Data processing systems that are designed for streams are known as stream processors. Well-known stream processors include Apache Flink, Spark Streaming, Kafka Streams, and there are many others. Although some of these systems can support simple analytic queries, stream processors typically do not store data in formats that are optimized for such queries. However, their core architectures are very well suited for data processing (ETL).
Data querying systems are primarily responsible for storing and analyzing data. While a traditional data warehouse can be considered to be a query system, data warehouses are a poor fit for streaming data. Data warehouses are not optimized for streaming ingestion, ad-hoc analysis, or workloads that require low-latency query response on real-time data. A more modern query system is Apache Druid, which has a reimagined architecture. Druid is built from the ground up for streaming ingestion and ad-hoc queries, for interactive exploration of real-time and historical data. Disclaimer: I work for Imply, the company behind Druid, so I naturally have a bias here.

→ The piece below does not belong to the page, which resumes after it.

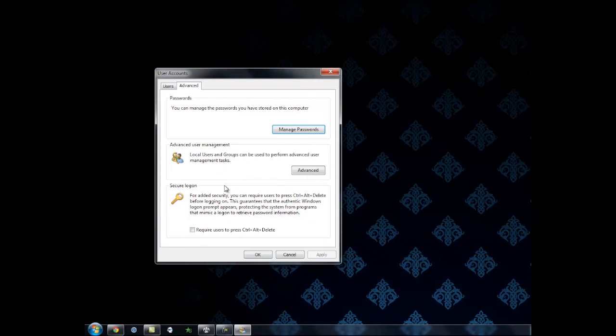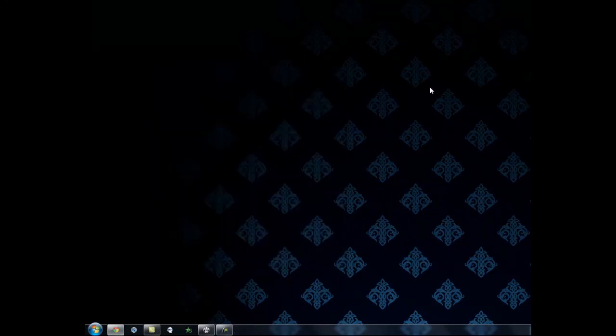Click on Advanced and right here where it says secure login, go ahead and check that off. Click Apply, then hit OK and now you've got an extra layer of security. Thanks for watching.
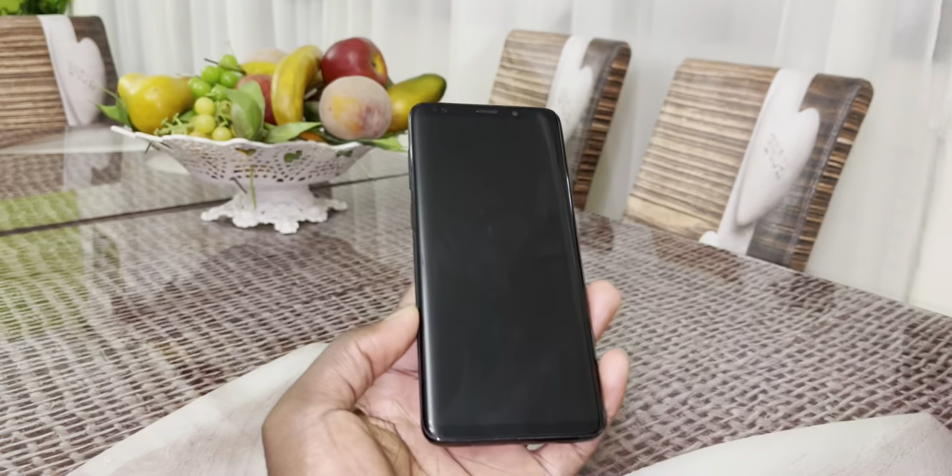I installed this new ROM on my Samsung Galaxy S9 Plus five days ago — the link is in the description. You can also install this on Samsung S9, Note 9, and S9 Plus. As you can see, this is OneUI 3.1, Android 11 ROM.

The data river architecture is already starting to see plenty of adoption across a wide variety of industries. If one day in the future the data river becomes a buzzword you are sick of hearing, just remember you read it here first!
In the same way we have evolved from cassette tapes to Spotify, Duran Duran to Cardi B, and mullets to hipster beards, and Return of the Jedi to Solo, we have dramatically improved our ability to handle all data types over the past 3 decades. Whether it came as a sheer necessity from the changes to our digital lifestyle, or from the needs of corporations to monetize that digital data, architectures have evolved and the age of streaming data is very much here. If you are looking to empower your users with the ability to make decisions quickly across a wide spectrum of use cases, I hope I was able to convince you that the data river architecture is worth a look.